Exactly what was running through my mind as I was just buying Bitcoins five
minutes ago. Bought half now and will buy half tomorrow morning, in case it
dips further after people wake up.

------
adrianwaj
What a ridiculous asset to be so influenced in price by the mismanagement of
technical resources at one exchange. Other than that, it could go lower: not
so by people that are pessimistic, but other people trying to take advantage
of that pessimism

The sky is not falling in, but people would have you believe it if it suits
them.

If there's one achievement of bitcoin, is that it's turned many hackers into
currency speculators and traders.

Personally, if 745,000 bitcoins have been stolen (is that even true??), I
wouldn't want to be part of that economy as monopolized by one thief (and also
one/many anonymous persons - Satoshi) .. I'd suggest Doge myself.

------
ohsnap
Bitcoins are very volatile and high risk.
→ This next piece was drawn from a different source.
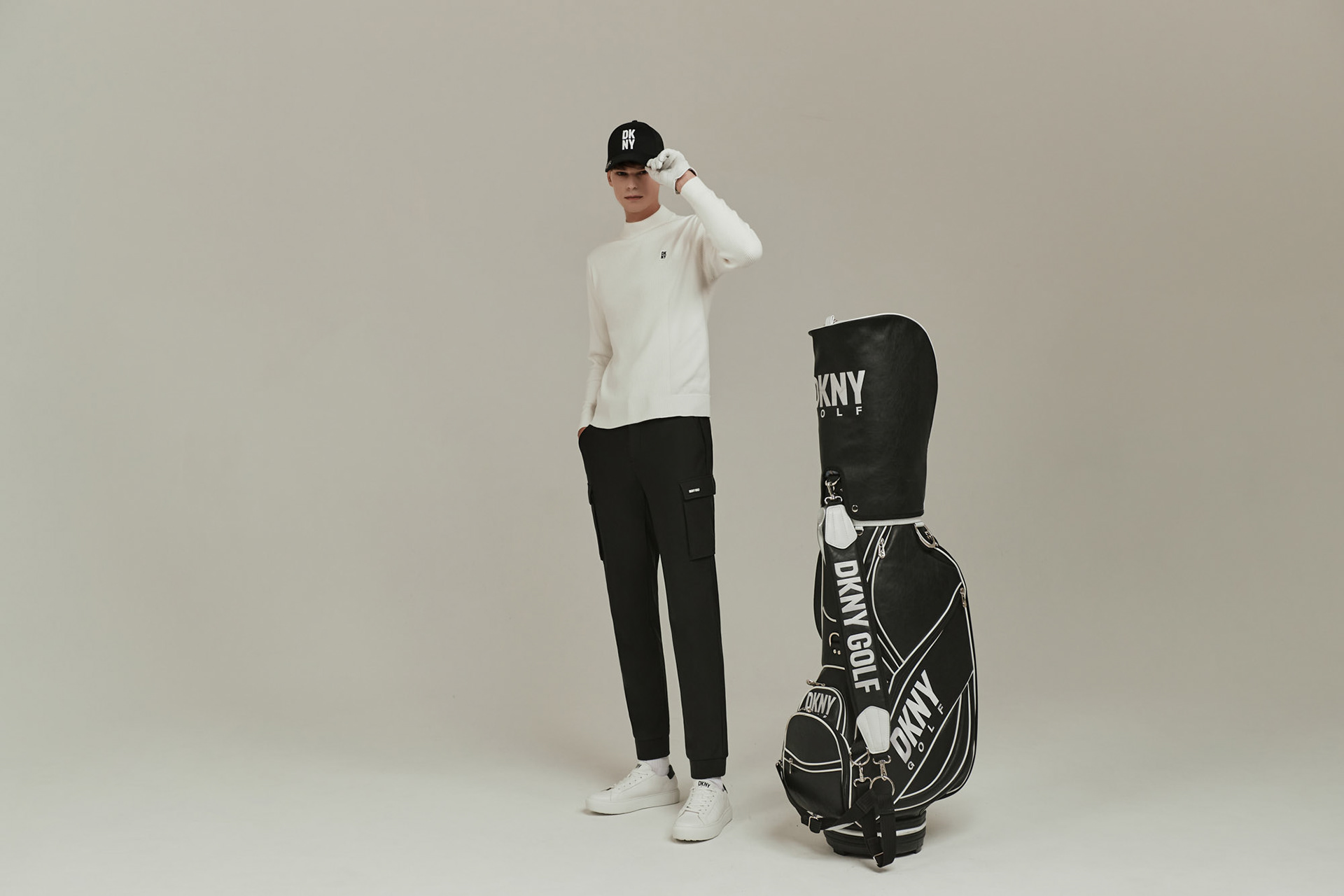 DKNY Golf 패션 화보 27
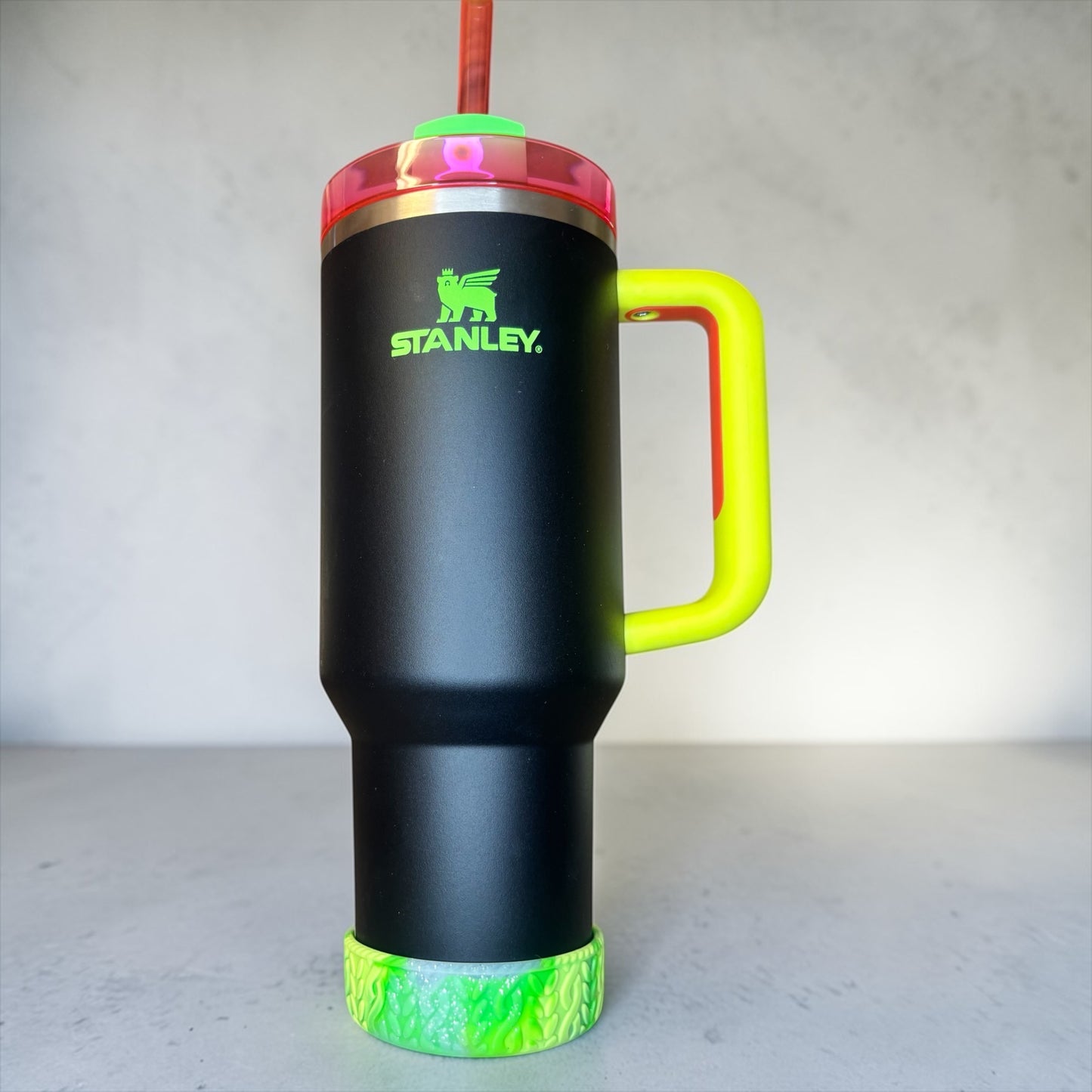 Limeade Fusion || The Classic Cardi || 3”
If you can tolerate an investment
that can possibly go to zero then it might not be a bad time. But do seriously
consider if you can maintain your sanity with owning a volatile asset!

------
t0
We've recovered from the last few crashes.
[http://i.imgur.com/wFA9x8k.png](http://i.imgur.com/wFA9x8k.png)

------
gk1
As with any risky investment, please remember: Don't bet an amount that you
can't afford to lose.

------
T-A
Also, define "now". As I write this, Europe is just beginning to wake up to
the news.

------
fuj
I sold a few coins yesterday. I think the worse is yet to come

------
rms
Absolutely, but hard to tell exactly where the bottom is

------
maaku
Is the price now less than you think a bitcoin is worth?

------
notastartup
consider in your head the number of people trying to cash out right now after
seeing a run on the bank while other banks will be busy assuring that this
won't happen to them and that you should buy because the price is cheap.

I think the bottom is yet to come, I think at $100, no more than $200, should
be a good buying point.